Set down the data below in full, exactly as it reads, but without the pictures.

Recorded data:
=== Section Start ===

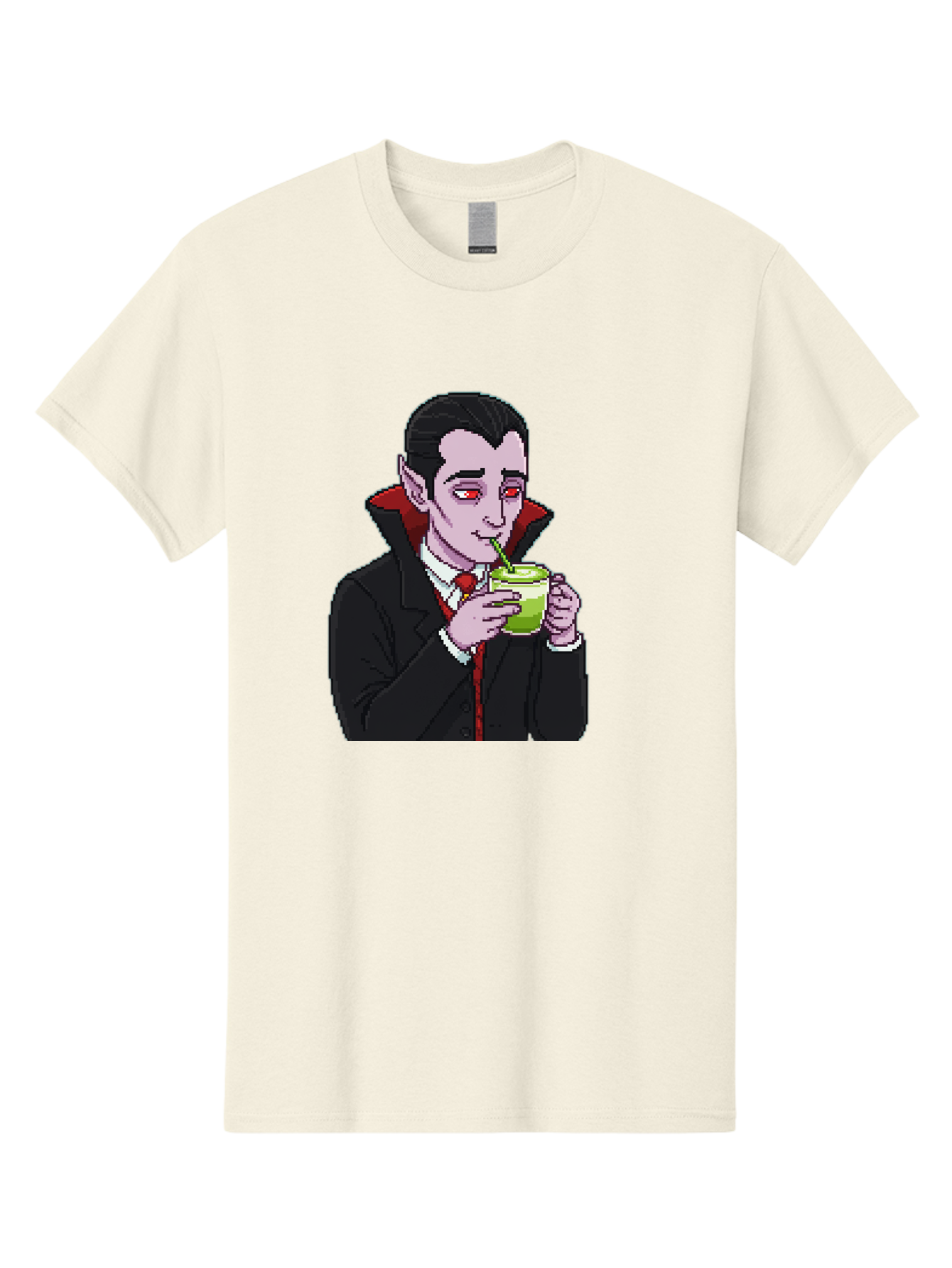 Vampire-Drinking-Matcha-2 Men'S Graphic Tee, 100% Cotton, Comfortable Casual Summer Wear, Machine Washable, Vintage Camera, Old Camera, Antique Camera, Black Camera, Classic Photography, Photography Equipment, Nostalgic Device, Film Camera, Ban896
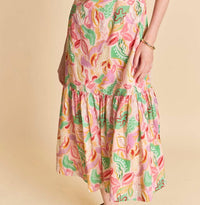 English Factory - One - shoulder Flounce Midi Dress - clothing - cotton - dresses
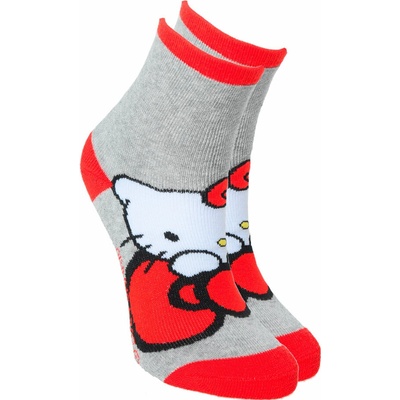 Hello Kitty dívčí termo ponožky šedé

=== Section End ===

Solution for this problem:
 Vampire-Drinking-Matcha-2 Men'S Graphic Tee, 100% Cotton, Comfortable Casual Summer Wear, Machine Washable, Vintage Camera, Old Camera, Antique Camera, Black Camera, Classic Photography, Photography Equipment, Nostalgic Device, Film Camera, Ban896
 English Factory - One - shoulder Flounce Midi Dress - clothing - cotton - dresses
 Hello Kitty dívčí termo ponožky šedé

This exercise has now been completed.